セブンを取り巻く環境や直面する課題などに対して、迅速な経営判断や実行が求められる状況にあることも鑑みたという。創業家はセブンがカナダのコンビニエンスストア大手アリマンタシォン・クシュタールから受けた買収提案の実質対抗策として、経営陣が参加する買収(MBO)を主導していたが、資金調達ができずに頓挫した。買収を巡る一連の動きの中で、創業家側が声明を公表するのは初めてとなる。

創業家は非公開化の提案に至った理由も説明。企業価値向上には時間がかかる世界展開の推進が必要なほか、社是として掲げる全てのステークホールダーに「信頼される誠実な企業」であることを実現するためには、会社のあり方を見直す時が来ているとした。

セブンの祖業であるイトーヨーカ堂創業者の伊藤雅俊氏は2023年に死去。現在は次男の伊藤順朗氏がセブンの代表取締役副社長を務める。

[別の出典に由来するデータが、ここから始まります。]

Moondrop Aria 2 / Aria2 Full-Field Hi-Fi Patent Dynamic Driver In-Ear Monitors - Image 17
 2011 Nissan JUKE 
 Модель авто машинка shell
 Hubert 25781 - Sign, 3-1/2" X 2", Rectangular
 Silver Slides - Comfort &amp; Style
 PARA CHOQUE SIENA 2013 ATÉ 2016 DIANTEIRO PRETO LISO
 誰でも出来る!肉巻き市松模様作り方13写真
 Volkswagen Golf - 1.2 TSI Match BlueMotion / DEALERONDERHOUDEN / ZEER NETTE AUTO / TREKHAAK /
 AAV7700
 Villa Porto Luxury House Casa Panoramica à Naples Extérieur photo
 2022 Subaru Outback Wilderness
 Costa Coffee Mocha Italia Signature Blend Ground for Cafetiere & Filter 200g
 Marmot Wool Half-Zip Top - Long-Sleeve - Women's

ブルームバーグのデータによると、創業家の資産管理団体である伊藤興業はセブンの筆頭株主で8.14%を保有し、順朗氏も個人名で0.37%を保有する。MBOは順朗氏と伊藤興業からセブンに提案されていた。

セブンはクシュタールとの対話や買収提案の検討を続けるとする。一方、企業価値を向上させる策の一つとして井阪隆一社長を退任させる方向で最終調整に入ったとの報道が出ている。